(CNN) 中国南東部・広西チワン族自治区の玉林市に古くから伝わってきた夏至の日を祝う犬肉祭りで、地元住民と中国各地から来た動物保護活動家の対立が先鋭化した。
保護活動家のグループを集団が取り囲む場面や、大勢の報道陣にいら立った男性が「あなたたちが牛肉食をやめるなら、私たちも犬肉食をやめてもいい」と叫ぶ場面もあった。
市場の店先には犬や猫の肉がつるされ、鳥、ヘビ、家畜なども売られている。活動家によれば、玉林市では昔から犬肉を食べる習慣があり、祭の間だけでも推定1万匹の犬が処分されるという。各所に張られたラブラドル犬やゴールデンレトリバー犬の写真入りのチラシは、生肉の宣伝だった。
マスコミに注目されたせいで犬の肉が値上がりし、2011年の倍になったと不満を漏らす住民もいる。
食肉店の屋台では、犬肉をその場でさばいて地元の名物料理を作っていた。店主の女性は「犬の肉を食べるのは私たちの伝統。この文化は変わらない」と話す。ただしペットの犬は殺さないといい、店の隅にはこの女性の飼い犬がうずくまっていた。

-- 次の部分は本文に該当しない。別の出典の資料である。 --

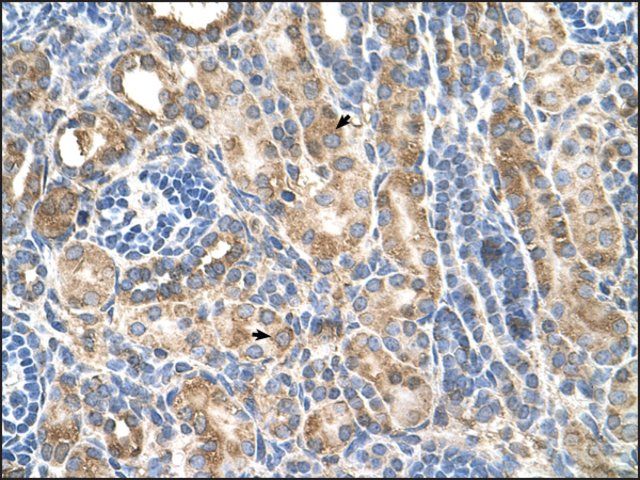 Anti-CDH3 antibody produced in rabbit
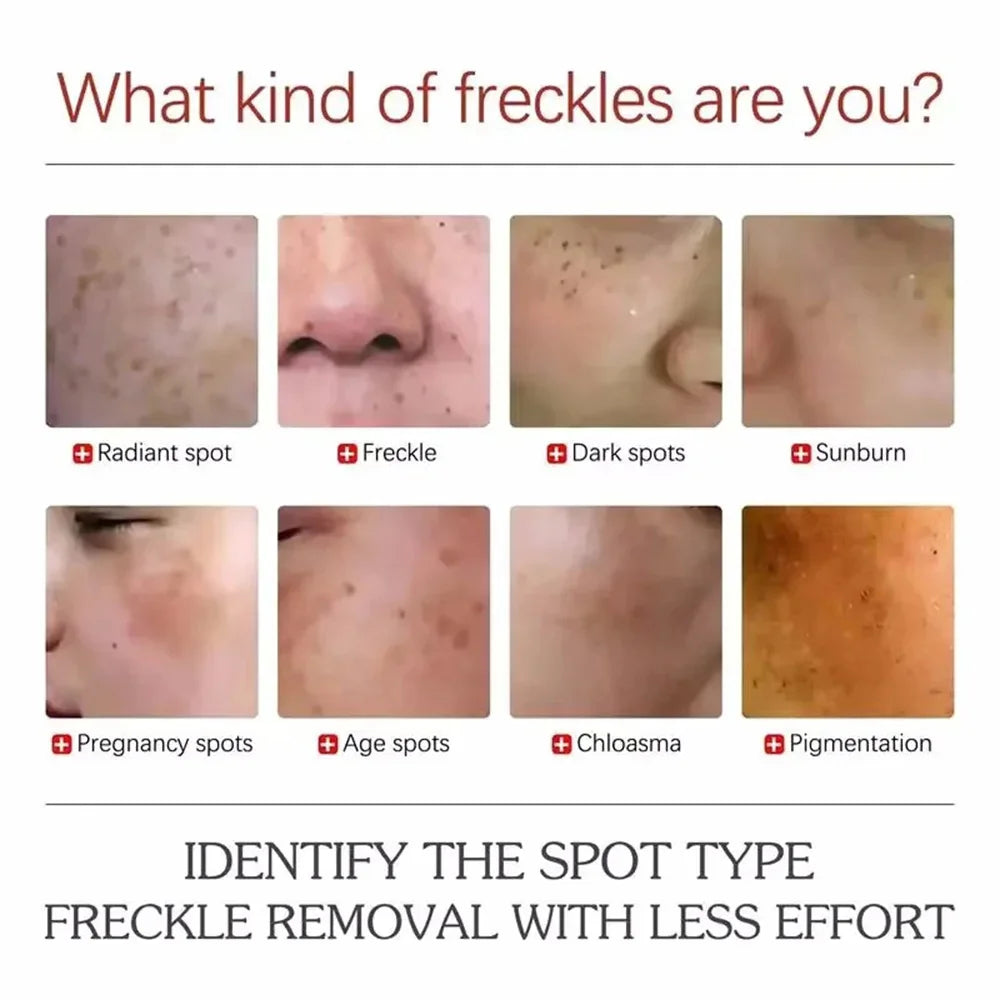 Infographic showing eight types of skin spots: radiant, freckle, dark, sunburn, pregnancy, age, chloasma, pigmentation.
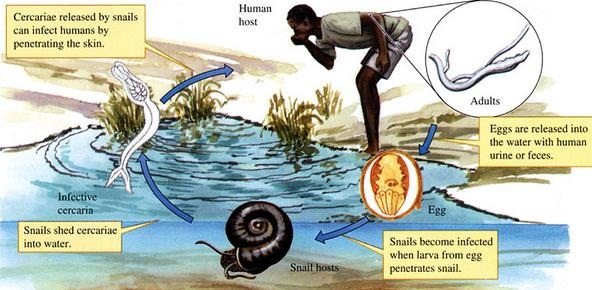 Schistosomiasis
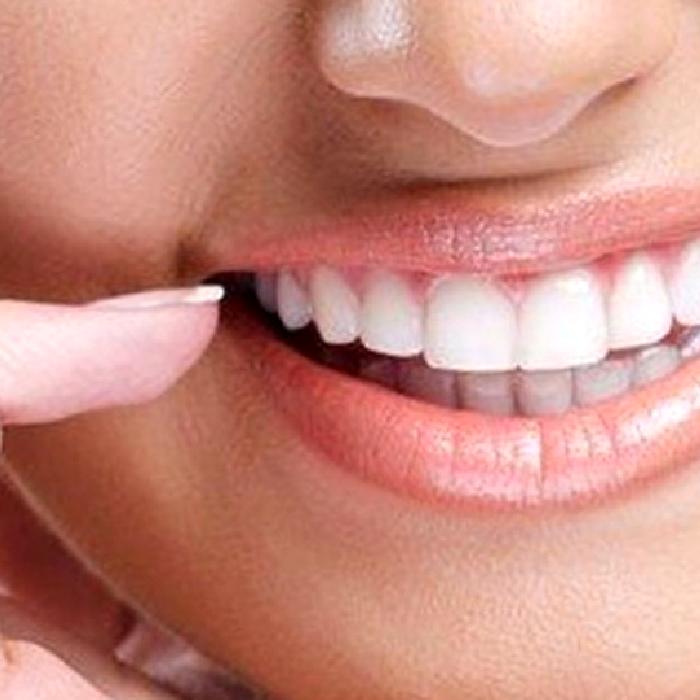 Estetik Diş Tedavisinde Bonding İşlemi Nedir?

犬たちを保護するために四川省から来たという活動家の女性(58)は、2011年に浙江省の金華で行われていた犬肉祭りで抗議活動を展開し、やめさせた経歴を持つ。玉林市での活動は今年で4年目。20人ほどの仲間の多くは自分たちの蓄えを費やして、犬や猫の保護施設を営んでいるという。
重慶市から来た女性(64)も、鉄工所で働いて貯めたお金を犬や猫の保護に注ぎ込んでいる。女性らが設置した仮設の保護施設をCNNが取材した時には、女性は死んだ子犬を抱いて涙ぐんでいた。妊娠した犬を保護して子犬が産まれたが、助けてやることができなかったという。保護した犬はほとんどがけがを負ったり病気を抱えたりしていた。その多くは抗生剤の投与が必要な状況だが、どこで入手できるかも分からないと女性は肩を落とす。
活動家が玉林市で保護した犬は今年だけで400匹以上。それでも殺される数に比べれば氷山の一角でしかない。ただ、玉林市でも動物の権利に対する認識は高まりつつあると活動家たちは話している。